Ex-selekcjoner Polaków poniósł klęskę w pierwszym meczu o trofeum (fot. Reuters)
Paulo Sousa mógł już w pierwszym, oficjalnym meczu prowadząc Flamengo zdobyć trofeum do gabloty klubowej, jednak Superpuchar przeleciał im koło nosa. Spotkanie na Arena Pantanal opiewało w olbrzymie emocje. W pierwszej połowie jedynego gola zdobył Ignacio Fernandes i dał prowadzenie Atletico.
Po przerwie do siatki trafiali Gabriel Barbosa oraz Bruno Henrique. Oba trafienia sprawiły, że Flamengo wyszło na prowadzenie.

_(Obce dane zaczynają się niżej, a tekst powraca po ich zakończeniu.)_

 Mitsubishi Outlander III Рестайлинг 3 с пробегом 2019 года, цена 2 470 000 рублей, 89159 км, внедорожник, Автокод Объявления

W 75. minucie Hulk wyrównał jednak wynik spotkania na 2:2. Podstawowy czas gry nie wyłonił zwycięzcy i potrzebny był konkurs rzutów karnych, bez rozgrywania dogrywki.
W nim lepsi okazali się zawodnicy Atletico Mineiro. Potrzebowano aż 12 serii rzutów karnych, aby wyłonić zdobywcę Superpucharu. W trzech ostatnich kolejkach spudłowano aż 5 jedenastek! W 12. serii Hulk trafił do siatki, kilkanaście sekund później Vitinho zmarnował swoją próbę i Flamengo poległo w tym boju.
Liga brazylijska rusza 1 kwietnia. Meczem otwierającym będzie starcie Fortalezy z Cuiaba CD.